Outro dia estava escrevendo
um parágrafo sobre o brasileiro. E como se não tivesse um caminhão de coisas
para fazer, fiquei algum tempo pensando que havia algo de errado com aquela
palavra: brasileiro. O problema não são os nascidos no Brasil, longe disso. É o
“eiro” que soava estranho. Porque, em português, quando se quer indicar a
nacionalidade de uma pessoa, os sufixos mais comuns são “ano”, “eno”, “ino”,
como em angolano, chileno, argentino. Há ainda o “ês”, de chinês; o “ão”, de
afegão; o “ense”, de canadense”; e até o esquisito “ol”, de espanhol. Outros termos
mais específicos, como belga, austríaco e paraguaio, também aparecem de vez em
quando, porém com “eiro” até agora só encontrei sentidos que indicam um hábito
ou estilo de vida. Na nossa língua, “eiro” é mais um jeito de ser do que um país de origem. José
é pagodeiro. Miguel é baderneiro. Francisco é marinheiro.
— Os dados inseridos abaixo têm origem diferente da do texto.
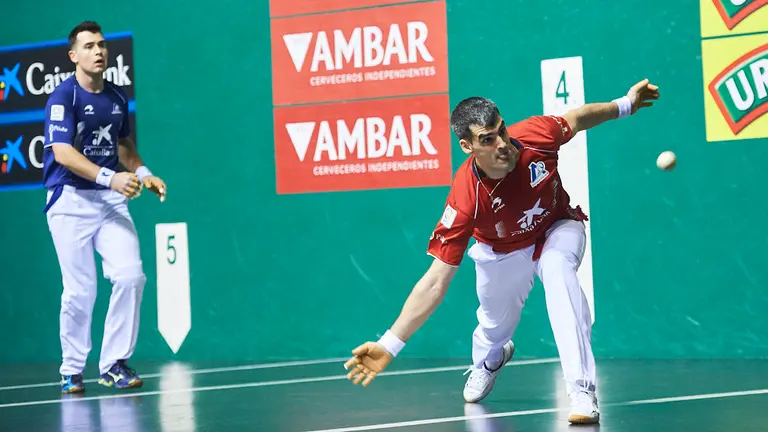 Partido de pelota entre Ezkurdia y Jaka en el frontón Labrit de Pamplona. PABLO LASAOSA 5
E sabe o Joaquim,
aquele navegante boa vida, que passava anos deste lado do oceano enchendo o
barco de pau-brasil, a pança de tapioca e a cama de índias? Era chamado de brasileiro.
Não sou sociólogo, nem
historiador, mas minha cabeça é afeita a este tipo de devaneio. O peso das
palavras. O que cada termo realmente quer dizer, e com qual intensidade. Esta é
uma ciência negligenciada na correria do dia-a-dia e até invisível aos ouvidos
menos atentos. Entretanto pode ser fatal no dizer, no sentir e principalmente
no escrever.
Há algumas semanas, em um
grande evento sobre os direitos das pessoas com deficiência, a presidente (este
texto não permite o “denta”) Dilma Rousseff cometeu a gafe de pronunciar em seu
discurso o obsoleto termo “portador” de deficiência. Recebeu em troca uma
enorme vaia do público presente, a quem tentava – sem sucesso – transmitir o
seu compromisso com a causa. Imagino o constrangimento da presidente e o
desespero do assistente que redigiu o texto. E o pior: deve ter sido aquele
desespero de quem não sabe qual foi o seu crime.
Para explicar de maneira
didática, a palavra “portador” é mais indicada para quem está carregando algo
portável, ou seja, algo que possa ser levado de um lado para o outro e que, pela
lógica, possa deixar de ser portado em algum momento. Um policial pode portar
uma arma durante o dia. E pode deixar de portá-la à noite. Um navio pode portar
um avião em alto mar. E depois deixar de portá-lo, quando a aeronave decolar.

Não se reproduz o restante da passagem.